Few artists exemplify as well as Joaquín Sorolla the attraction for light at the start of Spain’s contemporary era. As an artist, he is best known for his sun-filled beach scenes in which the play of light on water becomes the subject matter. Sorolla was especially well-known for his ability to paint en plein air and to work quickly in order to capture the effect of light on sun, sand, figures and fabrics (fig. 1).
Olas is an apunte; small in scale and rapidly painted. These works should not be considered sketches, but are independent works not intended as studies for larger, more finished paintings. In these small and intimate paintings the true genius of the artist is made manifest. These apuntes are characterized by lively brushwork, an ability to render atmosphere and color with a great economy of means and to distill into their simplest form the qualities for which the artist is most famed.
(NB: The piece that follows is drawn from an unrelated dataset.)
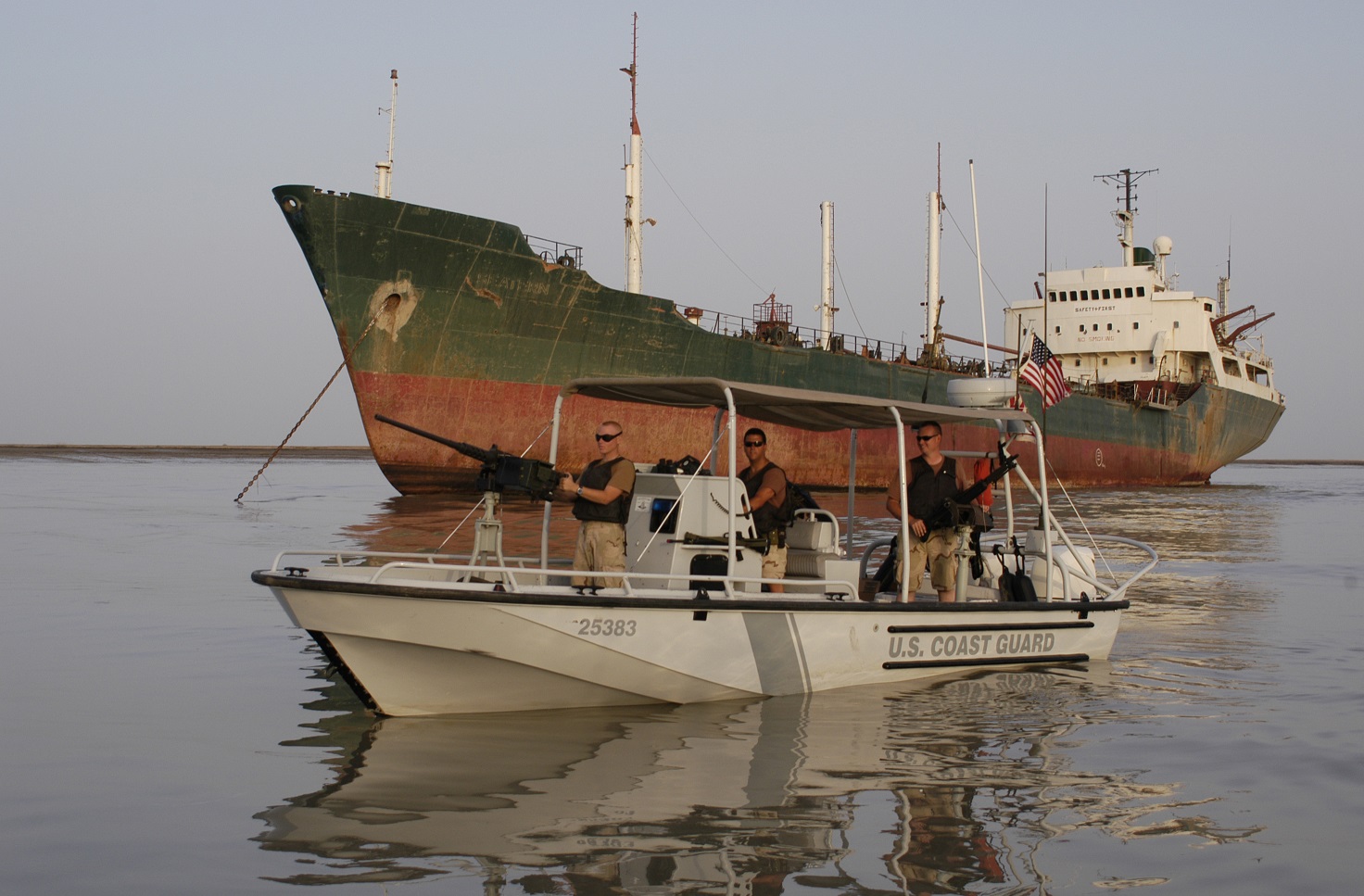 A security boat from Port Security Unit 311 out of San Pedro, California, on the Khor Abd Allah Waterway near Umm Qasr. (U.S. Coast Guard)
In Olas, Sorolla concentrates on the play of light and shadow on water. The foreground of this charming work is dimmed in shadow while the breaking waves in the background explode into sunlight. The lack of a horizon line in the background as well as a shoreline in the foreground emphasizes the movement of the swirling and breaking waves and heightens the sense of intimacy for the viewer. The roiling water is depicted in all the colors of light, for the artist does not limit his palette to shades of blue and white. On this small board, Sorolla explores all of the colors of the prism as light is refracted through water, expressed in yellow, green, turquoise, lavender and pink.
Mariano Fortuny had reportedly invented a sketch box that many artists found to be enormously practical for plein air studies. Sorolla recalled that in 1875, one year after Fortuny’s death, the painter Joaquin Agrasot y Juan (1836-1919) had ‘introduced us to that small sketch box invented by Fortuny, a tremendously useful invention’ (quoted in B. Pons Sorolla and M. Roglan, exh. cat., Sorolla in America, San Diego, p. 223). A description of the box (fig. 2) follows:
‘The box was divided into two halves, joined with metal hinges. The lower part served as a palette, containing the paint and holder for small brushes. The upper part provided support for a small panel, and the box was held open by a system of metal struts sliding along a groove. Behind the supports for the panel being painted was a further series of slots, which could hold several other panels at the same time. This offered countless advantages, including the possibility of making several sketches in a single session, by keeping them separate from one another, thereby protecting them from dust and insects, and preventing them from sticking together and being ruined. The supports, generally of wood or cardboard, were inserted through an opening in the side, which explains why most artists, Sorolla included, hardly ever painted a sketch right up the edge, but instead left a thin, irregular border’ (Ibid., p. 223).
We are grateful to Blanca Pons-Sorolla for confirming the authenticity of this work.